[The task] As you print the data below, keep every line exactly as it is and leave the images behind.

[Input data]
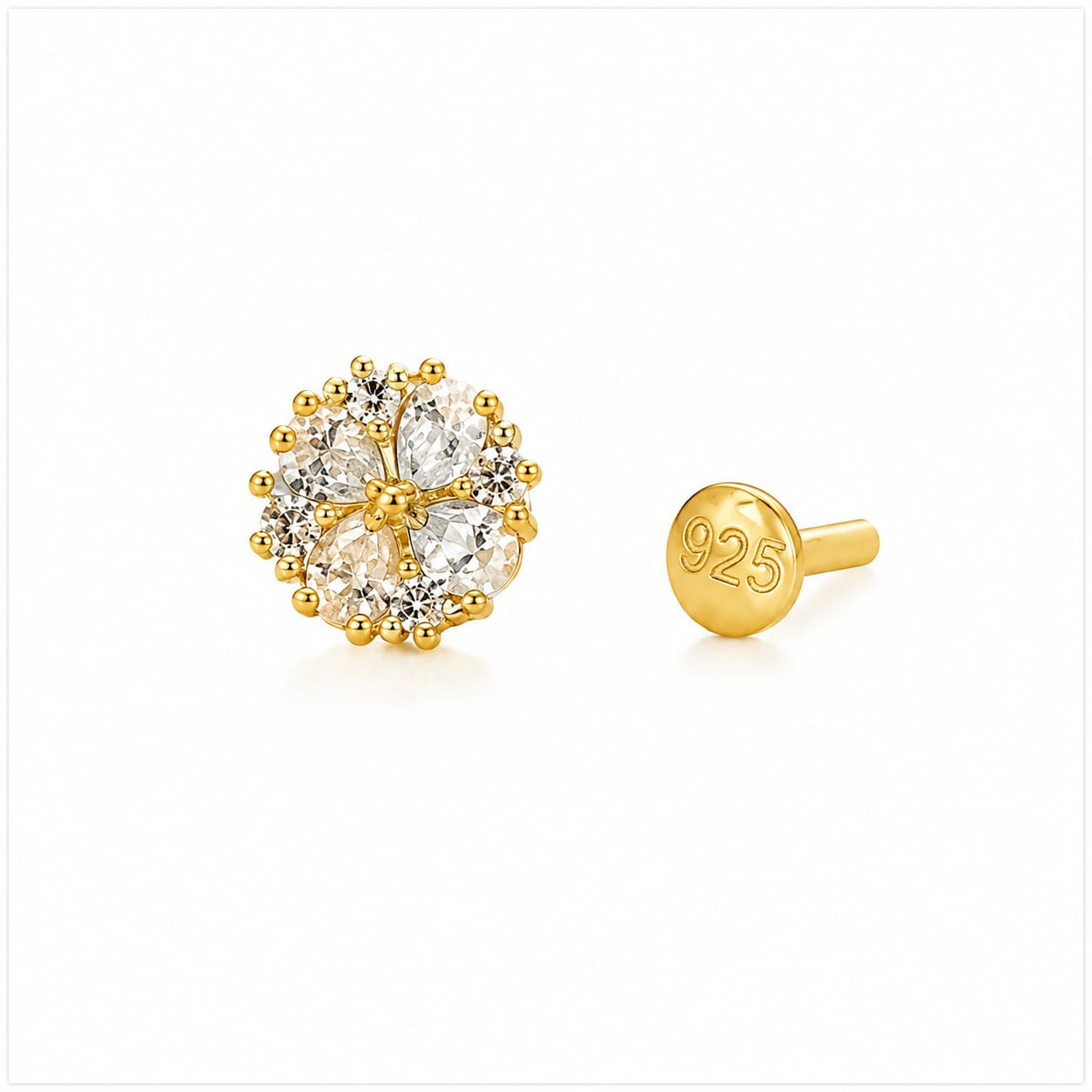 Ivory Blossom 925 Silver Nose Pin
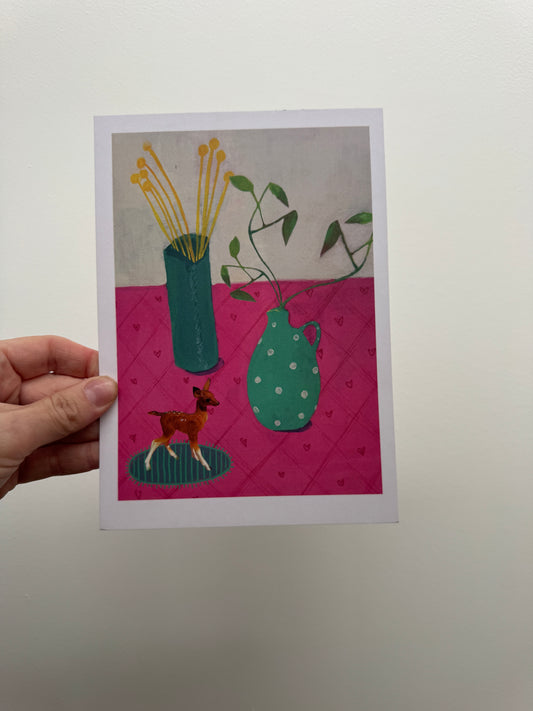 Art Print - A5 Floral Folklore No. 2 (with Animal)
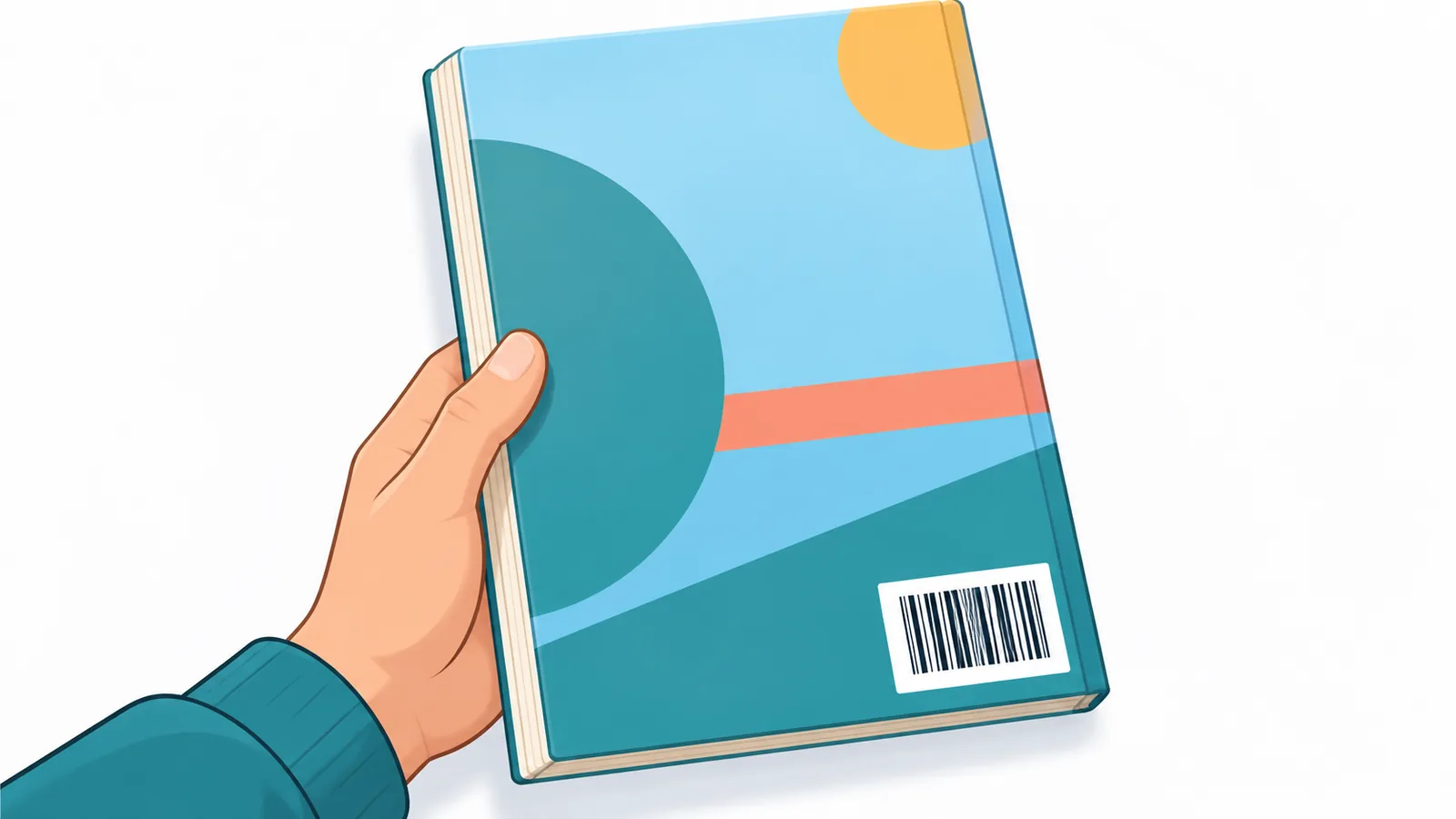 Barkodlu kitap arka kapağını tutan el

[Result]
 Ivory Blossom 925 Silver Nose Pin
 Art Print - A5 Floral Folklore No. 2 (with Animal)
 Barkodlu kitap arka kapağını tutan el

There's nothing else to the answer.